Last week this newspaper published a story on its front page saying, more or less, that while the government wanted lower interest rates so that investment and growth could accelerate, the RBI said, no, inflation is still a problem so maybe it’s premature to cut rates.

This divergence of views goes back to 1935 which was the very first year of the RBI. It eventually led to the ‘resignation’ of the first governor in 1937. So these little tussles are of no great interest.

What is of interest, however, is the new dimension: the chief economic adviser’s suggestion that food inflation should be excluded while measuring inflation. But the RBI isn’t convinced.

This newspaper had written an editorial on this difference of opinion on August 14 this year. The message was — stop arguing boys and settle it quietly and quickly.

The striking thing in this debate which should never have gone public is that it’s the RBI that is more concerned about inflation than the government which gets hurt more by it because higher inflation upsets voters.

In a sense, this is par for the course because it’s the job of governments to increase investment and growth and it’s the job of the RBI to keep inflation in check because that’s what it is charged by law to do.

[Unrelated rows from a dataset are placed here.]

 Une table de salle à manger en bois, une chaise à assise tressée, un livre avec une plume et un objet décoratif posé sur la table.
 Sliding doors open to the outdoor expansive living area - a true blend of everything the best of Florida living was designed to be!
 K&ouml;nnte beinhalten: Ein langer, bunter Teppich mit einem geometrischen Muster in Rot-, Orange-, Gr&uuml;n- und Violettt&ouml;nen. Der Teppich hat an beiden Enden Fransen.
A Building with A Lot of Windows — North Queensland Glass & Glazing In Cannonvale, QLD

Also while governments focus on the short term gains from growth, the preamble is the RBI Act also makes it responsible for financial stability. This last, until 2005 or so, was taken as synonymous with price stability. But since then it has taken on a new meaning.

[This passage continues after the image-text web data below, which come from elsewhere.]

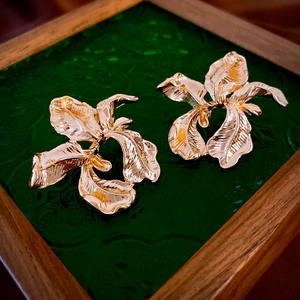 Detailed macro view of golden iris petal earrings on a vintage green embossed glass base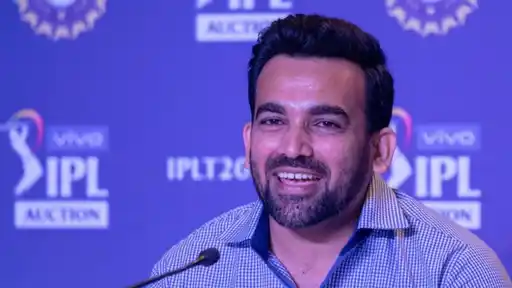 Zaheer Khan smiles at a microphone in front of an IPL Auction backdrop, named Chennai Super Kings head coach ahead of IPL 2027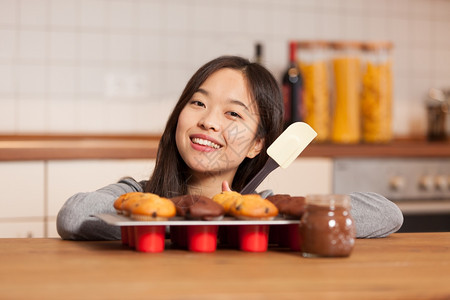 在厨房里微笑着的亚洲女人照片盘子里装满了松饼只要诱惑腰部图片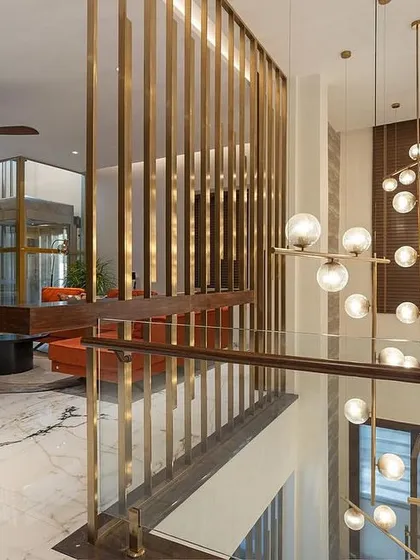A view from the upper level, looking down at the family lounge and the stunning multi-level chandelier. Our furniture helps define this grand, open space.
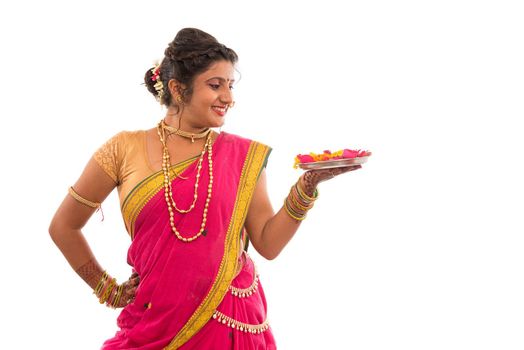 Portrait of a Indian Traditional Girl holding pooja thali with diya during festival of light on white background, Diwali or deepavali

Hence my suggestion that we now have a new trilemma comprising growth, inflation and financial stability. As anyone will tell you, three variables mean instability. I have written often about this.

The best example of this is the Three Body Problem in physics which has no stable solution. But it’s applicable in many other cases such as the Impossible Trilemma as contained in the Taylor rule.

The new trilemma

How does this new instability arise and how does it affect policy? Growth is a function of investment. Inflation is a function of demand and supply. Financial stability, in the final analysis, is a function of fiscal policy or absence of fiscal discipline. As we know from our experience since the 1980s, fiscal indiscipline raises both interest rates and inflation.

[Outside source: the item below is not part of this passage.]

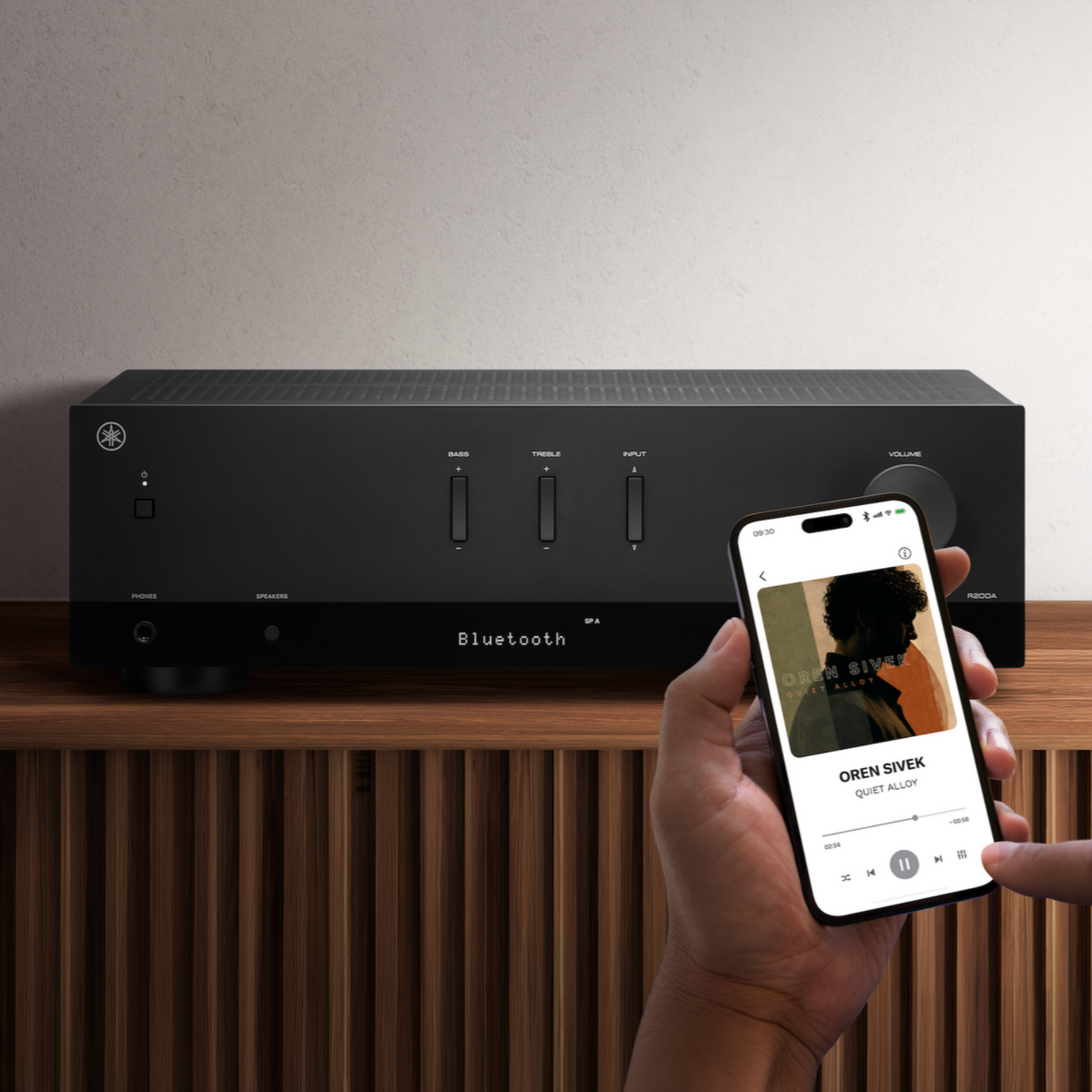 A black Bluetooth audio receiver sits on a wooden shelf against a textured light wall, with a hand holding a smartphone in the foreground showing a music player app.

Now if you want more investment you need lower interest rates. That’s what all governments want.

If you want lower inflation you need a tighter monetary policy, which is what all central banks want.

If you want financial stability, which both the governments and central banks want, you need both higher growth and higher interest rates. These are mutually contradictory.

This is exactly like the Three Body Problem of physics. There’s no solution and persistent instability. Or, if you want to compare it to the Taylor rule, you can control only one. The other two will be free floating variables.

In short, this new trilemma, like any trilemma, is not solvable. Economies will keep stumbling from one situation to another and governments and central banks will keep grumbling and growling at each other.

The Indian problem

India, as ever unique, has a peculiar problem: it’s a full-fledged country but, like Europe, it has many rates of inflation depending on where you measure prices. The RBI wants to aggregate all these into a single target rate.

Sounds good except for two things: it’s not possible and it’s not a meaningful endeavour because the number it conjures up is an arbitrary one. That’s why we have a range. But how useful is it to target a range? How is 4.1 per cent the same as 5.9 per cent?

The second problem is credit creation. The mechanics are simple, we learn in our first year in college: the more money that’s created, the more the credit that is created because otherwise banks would go bust.

But, while it is easy to extend credit it’s very hard to recover what’s owed. It’s this that threatens financial stability.

To make things worse, if consumption is financed by loans, stability is at real risk. This happens when incomes are not growing fast enough to meet people’s needs. It’s a global phenomenon.

The third problem is the need to pay for welfare and defence. India is very badly placed in this regard because it has to pay entirely for both. Most countries pay fully for welfare and only partly for their defence. So there goes the other leg in which financial stability rests: fiscal responsibility.

Net-net neither the finance minister nor the RBI governor have an easy job. For them it is, as the 1971 song went, ek dhund se aana hai, ek dhund mein jana hai (come through a fog and go into another fog).